El resultado negativo de los dos últimos meses hizo que el sector acumulara un crecimiento de tan solo un 2 % en el primer semestre del año, el mismo porcentaje registrado en los cinco primeros meses y por debajo de la expansión del 2,4 % medida hasta abril, según los datos del Instituto Brasileño de Geografía y Estadísticas (IBGE).
De la misma forma, el crecimiento acumulado en doce meses (interanual) cayó desde el 2,9 % en abril hasta el 2,6 % en mayo y en junio.
De acuerdo con el organismo estatal de estadísticas, pese a que el sector servicios se encuentra un 19,9 % por encima del nivel que tenía en febrero de 2020, antes de la pandemia de la covid, en junio se ubicó un 0,3 % por debajo de su máximo histórico, registrado en octubre de 2025.
El estancamiento del sector en junio con respecto a mayo obedeció a que cuatro de las cinco actividades analizadas registraron retracción.
La actividad que más pesó negativamente en el resultado de junio fue la de servicios profesionales, administrativos y complementarios, con una retracción del 1,4 %.
También registraron resultado negativo en el mes los otros servicios (-2,2 %), los servicios prestados a las familias (-1,2 %) y los transportes (-0,1 %).
La única actividad que creció en junio con respecto a mayo, con un 1,8 % de expansión, fue la de servicios de información y comunicación.

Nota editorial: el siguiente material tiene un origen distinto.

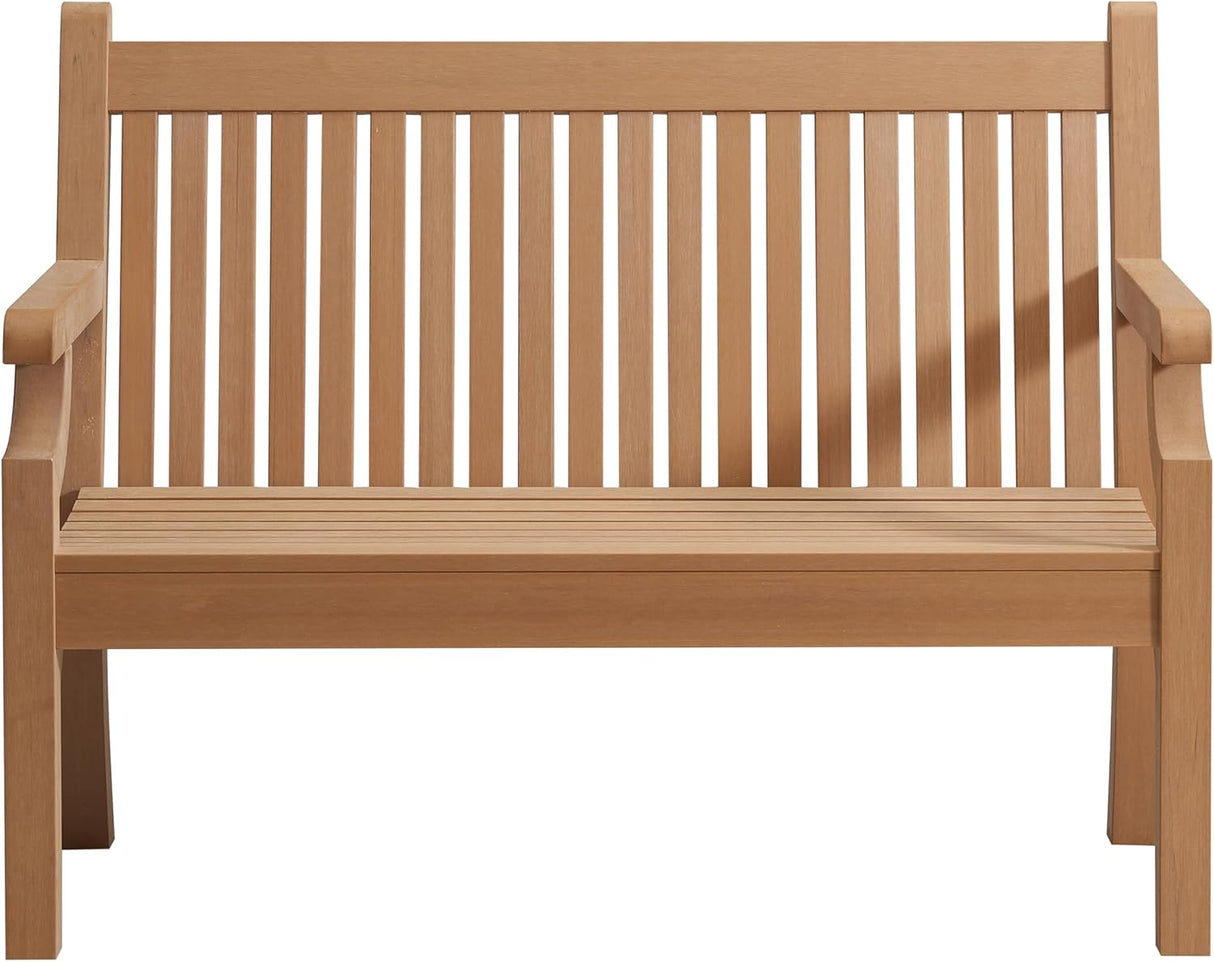 Winawood Sandwick Polymer Wood Effect 2 Seat Garden Bench - New Teak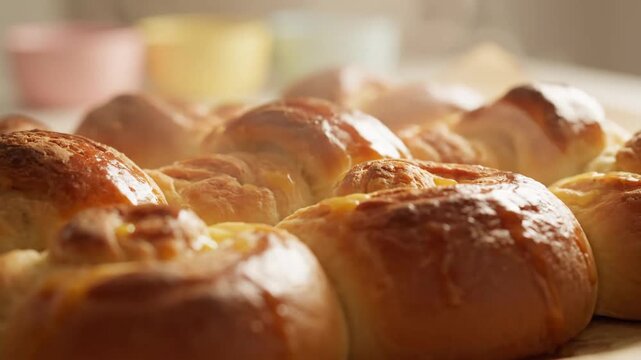 Freshly baked sweet brioche rolls resting in neat rows with faint steam rising, captured in warm light
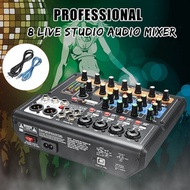 8 Channel Professional Portable Live Studio Audio Mixer USB Mixing Console 48V for Recording DJ Stag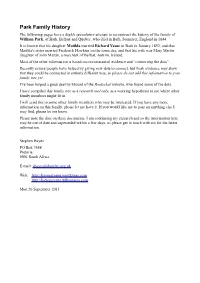 Descendants of William Park and Mary Martin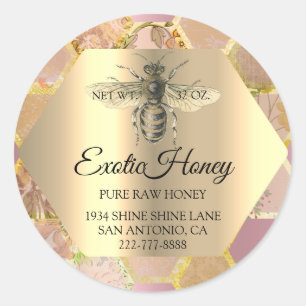 Raw Honey Jar Honeybee Honeycomb Bee Apiary Rose Classic Round Sticker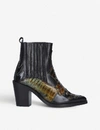 KURT GEIGER Damen snakeskin-embossed faux-leather ankle boots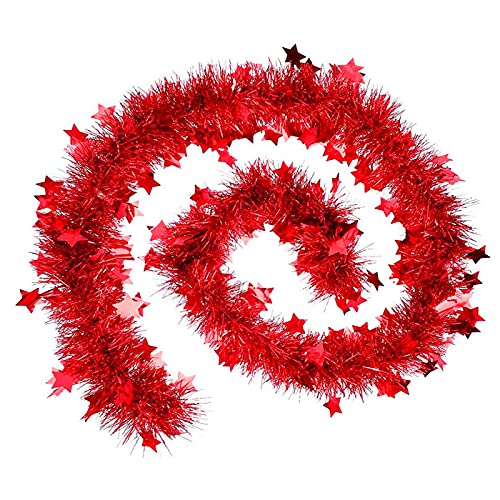 Acan Tradineur - Guirnalda navideña roja con Estrellas, 180 cm, diámetro 10 cm, espumillón Brillante, oropel Colgante, decoración Navidad, árbol, chimeneas, escaleras, Fiesta de cumpleaños, Bodas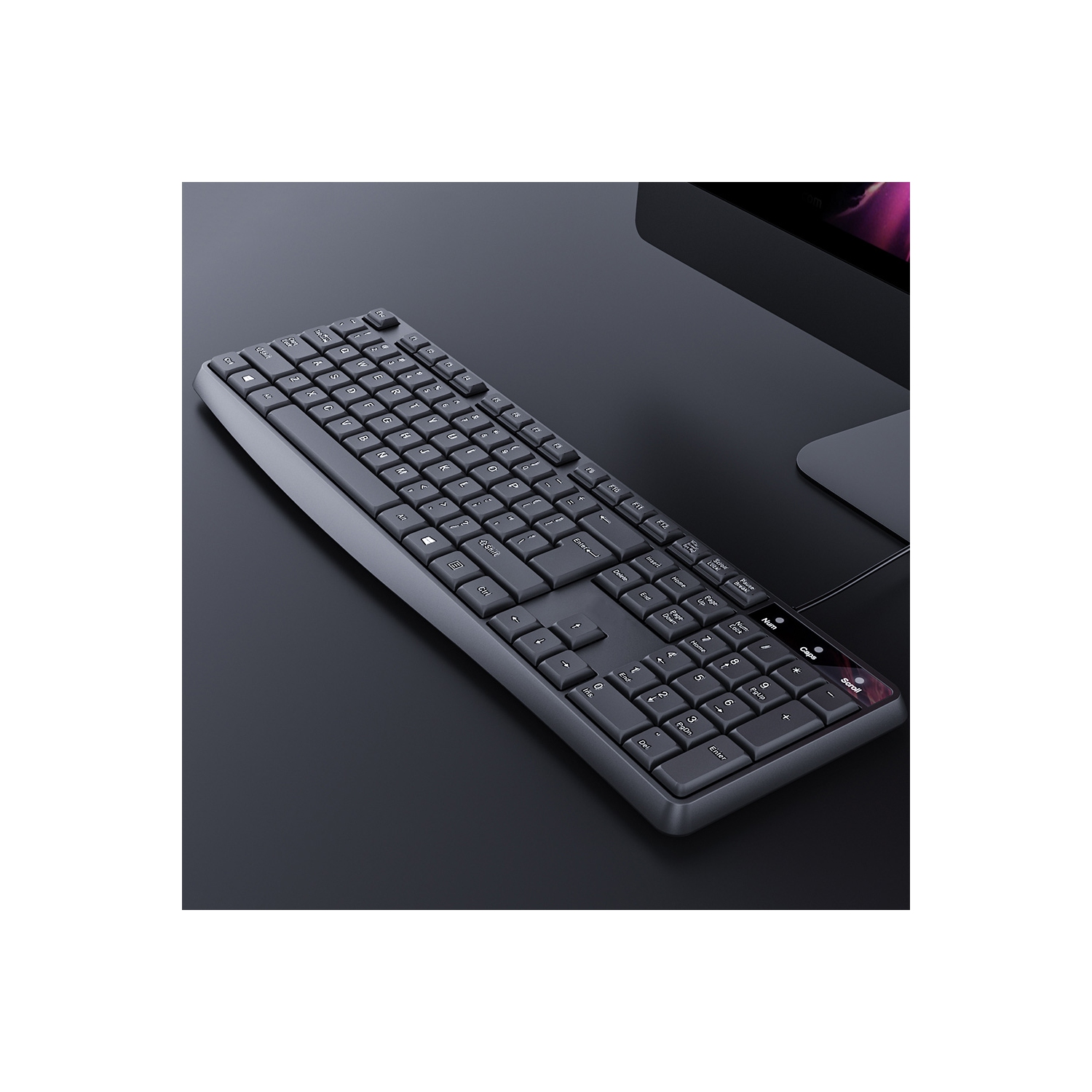 USB Wired Keyboard Full Sized Water Spill Resistant Black - axGear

Así como la economía brasileña en general, el crecimiento del sector servicios está en desaceleración.
El sector se expandió un 2,8 % en 2025 tras haber avanzado un 3,1 % en 2024 y la última previsión del Gobierno es que su crecimiento se limite al 2,4 % en 2026.
El PIB brasileño, por su parte, creció un 2,3 % en 2025 tras haber avanzado un 3,4 % en 2024 y la última previsión de los economistas es que esa desaceleración prosiga este año y que el crecimiento tan solo llegue al 2 % en 2026.